Artificial Bee Colony

The Artificial Bee Colony (ABC) algorithm is a popular optimization technique inspired by the foraging behavior of honeybee swarms. It was first introduced by Karaboga in 2005 as a simple and efficient population-based algorithm for solving numerical optimization problems. The algorithm mimics how honeybees search for food sources, communicate their quality, and collaboratively optimize their collection process. The ABC algorithm is particularly well-suited for solving complex optimization problems, including those with non-linear, multi-modal, or high-dimensional search spaces.

Collective Intelligence of Honey Bees

The minimal model of swarm-intelligent forage selection in a honey bee colony consists of three kinds of bees:

Employed Bees: bees associated with specific food sources that they are actively exploiting.

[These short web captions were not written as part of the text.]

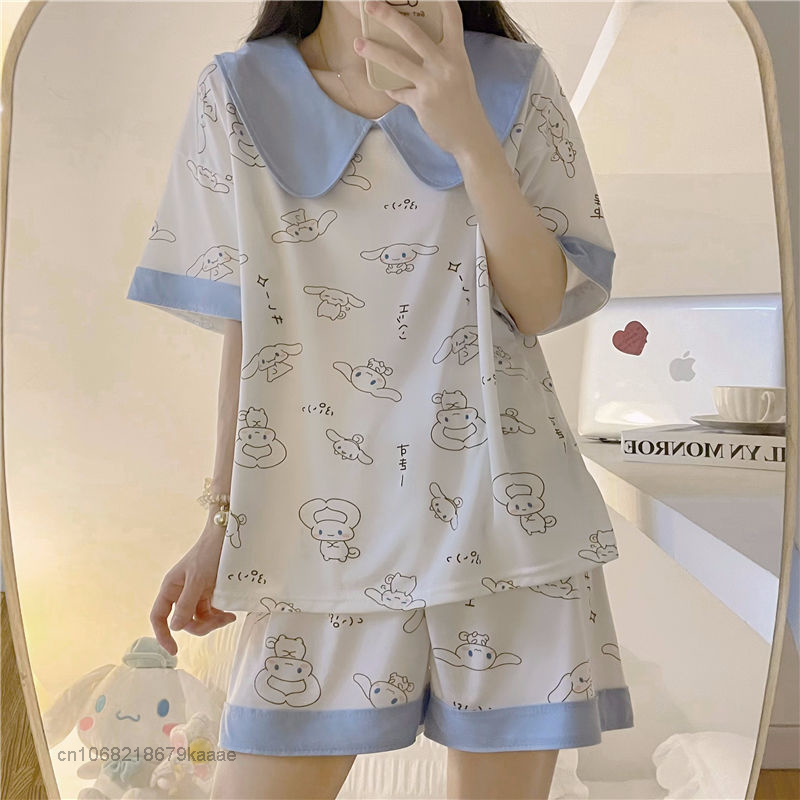 Sanrio Nightdress Kartun Cinnamoroll Set 2 Piece Piyama Wanita Setelan Musim Panas Pakaian Rumah Y2k Atasan Celana Pendek Pakaian Tidur Gaya Korea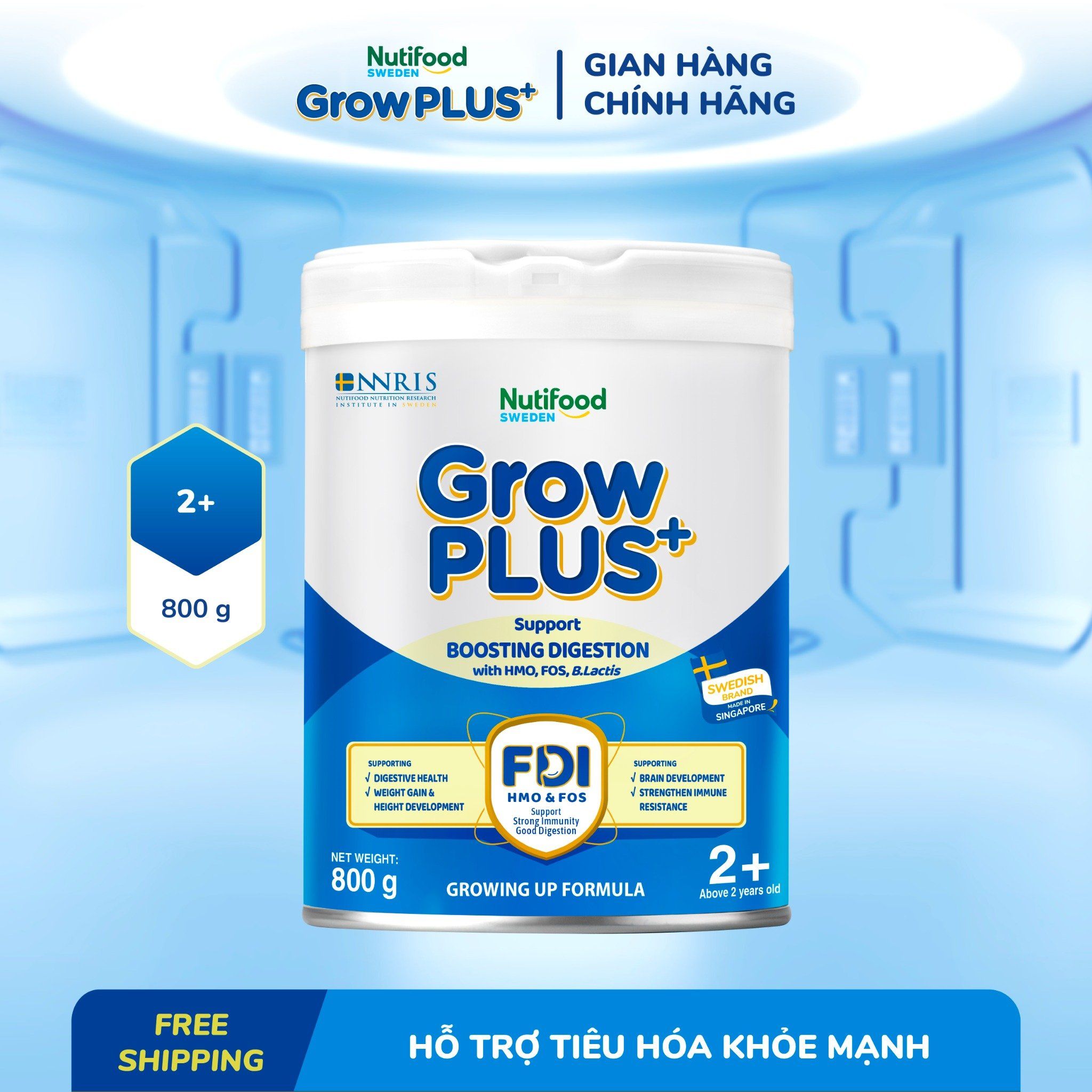 Sữa bột Nutifood GrowPLUS+ Tiêu Hóa trên 2 tuổi Lon 800g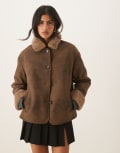 [ASOS DESIGN] ASOS DESIGN top collar borg car coat in brown M Brown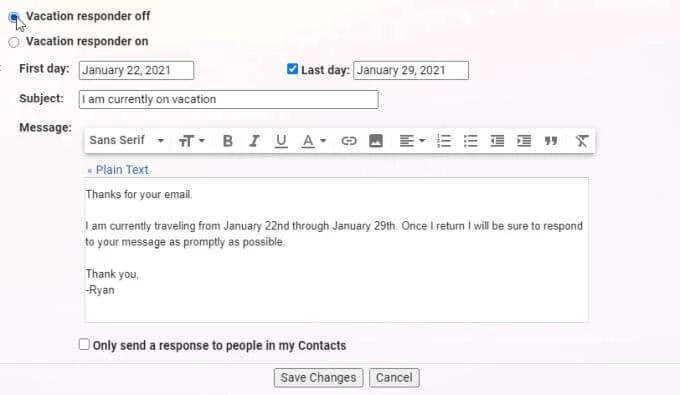 Cara Menyediakan Di Luar Pejabat dalam Gmail
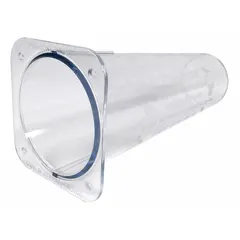 Plastic bat removal cone with a square base shape, measuring 2-1/2 inches in height and width. Sold in a pack of 6. Designed for one-way exclusion of bats from structures such as attics, eaves, and wall voids.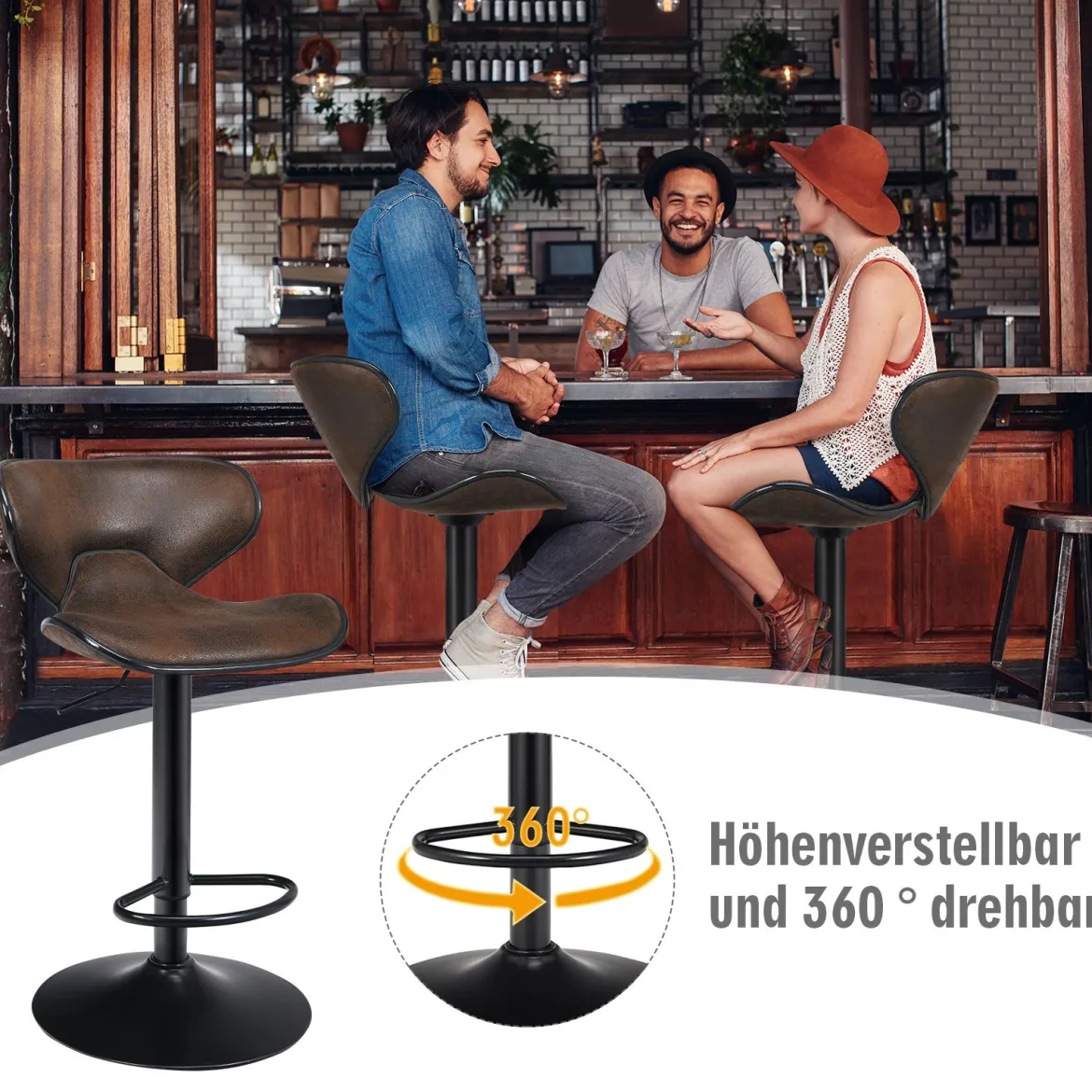 2er Set Barhocker Barstuhl Tresenhocker Drehstuhl Bistrohocker Sitzhocker Braun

Employed bees gather information about their respective sources (such as distance, direction, and profitability) and share this knowledge with unemployed bees (onlookers and scouts) within the hive;
Onlooker Bees: bees waiting in the hive and evaluating the information communicated by employed bees. By means of this information, they probabilistically select which food source to explore, favoring those with higher profitability;
Scout Bees: bees exploring the environment randomly, searching for new food sources when current ones become exhausted or less rewarding. Scouts ensure the colony continues to discover new opportunities for resource collection.

Communication among bees occurs in the dancing area, a specific region within the hive where information about food sources is exchanged through a behavior known as waggle dance. At this stage, employed foragers share their information with a “dance intensity” proportional to the profitability of the food source. Onlooker bees observe their dance and use the information to decide which food source to visit.

At the very beginning, a potential forager will start as unemployed forager. That forager bee will have no knowledge about the food sources around the nest. There are two possible options for such a bee:

It can be a scout (S) and starts searching around the nest spontaneously for food due to some internal motivation or possible external clue;
It can be a recruit (R) after watching the waggle dances and starts searching for a food source.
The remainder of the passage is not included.